On closing the drive, Ethiopia’s Prime Minister Abiy Ahmed, a Nobel peace prize winner, announced that they would care for the trees to ensure they matured and helped mitigate the climate crisis.
Here at home, we aim to plant 2.5 billion trees by the year 2030 through a government-led initiative. Kenya’s objective is to meet the country’s 10 per cent tree cover target stipulated in the Constitution.
Many people, organisations, businesses and government agencies globally are planting trees. All of us are planting trees, but very few are committed to growing those trees.
By growing trees, I am referring to taking the initiative to ensure the trees are nurtured from the day they are planted to maturity and taking account of the number of trees or size of forest cover over time.
The big question is, what is your intention of planting those trees? Is it for posterity and to increase the forest cover or to vaunt the number of trees planted on a particular day? What is your season? If you answer yes to the first two questions, then keep it up. You are on the right trajectory. If yours is yes to the last question, I am sorry, you need to rethink your plans.

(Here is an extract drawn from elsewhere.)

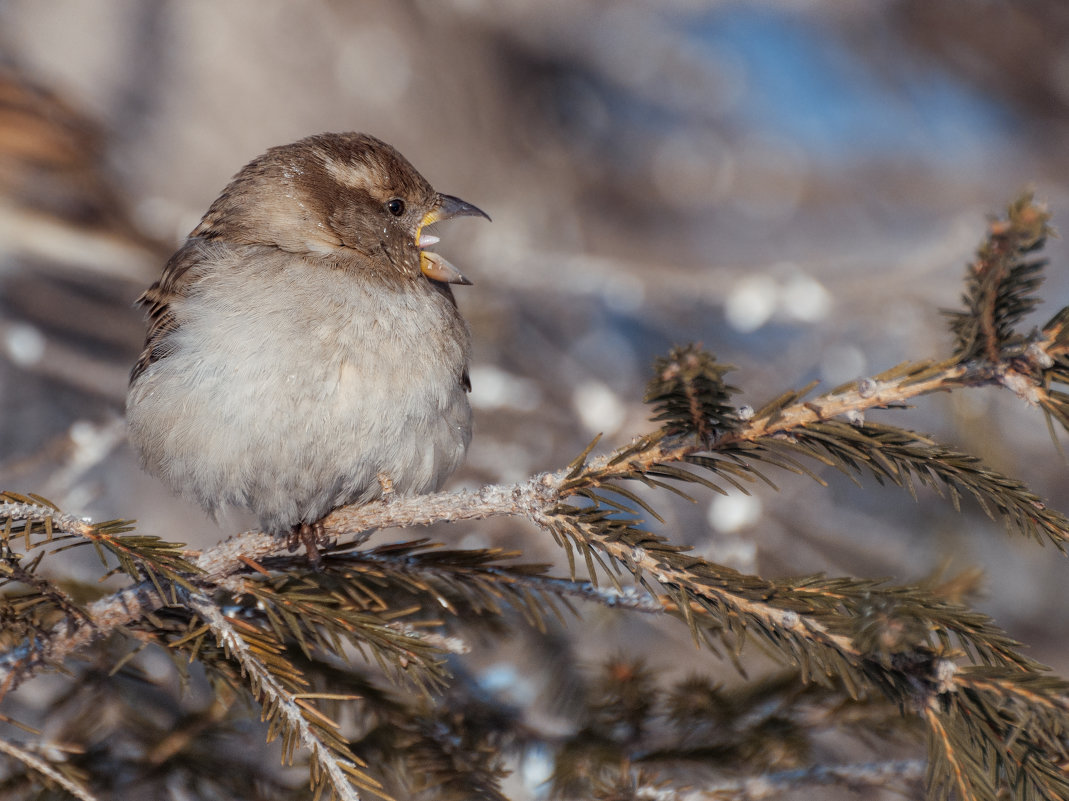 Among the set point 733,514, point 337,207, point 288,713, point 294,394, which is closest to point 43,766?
point 288,713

We are overlooking the fact that climate action is not a one-off affair. Increasing forest cover takes a willing soul, mind, time and resources, as trees take years to mature. Environmental conservation, thus, is a continuous process.
Unfortunately, tree planting is being used by some heavy carbon emitters to camouflage their actions. The truth of the matter is that most of these companies have no emission reduction road-maps.
This makes me to echo the sentiments of fellow scientists who have argued that planting a zillion trees is not enough to address climate change. Reducing carbon emissions should be given a stronger focus than it is receiving now.
In February 2020, three scientists wrote in the New York Times that "focusing on trees as the big solution to climate change is a dangerous diversion". I concur.
It seems we are strengthening tree planting but forgetting the major cause of global warming–greenhouse gas emissions. We are forgetting that burning fossil fuels releases tonnes of carbon particles into the atmosphere.
What are we doing to the transport sector, petroleum sector, manufacturing, and processing industries that run their turbines on fossils and use chemicals that emit a lot of greenhouse gases?
Are the sectors mentioned paying for their carbon pollution? Do they have plans to flatten their emission curves?
Remember, the global objective is to achieve net-zero carbon emissions by 2050. If we are to meet this target, our priority should be on how human-induced emissions are reduced.
Scientists have pointed out that we will pay heavily for carbon pollution if we do not address the problem now. This means silencing political impediments to the implementation of environmental policies.
It also means not allowing companies to manipulate the society by paying their way out while continuing to inject the killer emissions into the atmosphere.
All said and done, trees absorb significant amounts of carbon from the atmosphere through photosynthesis. As such, no one should be discouraged from planting trees. Go ahead and plant a tree; your effort might just help to save the planet. However, ensure the trees you plant grow to maturity.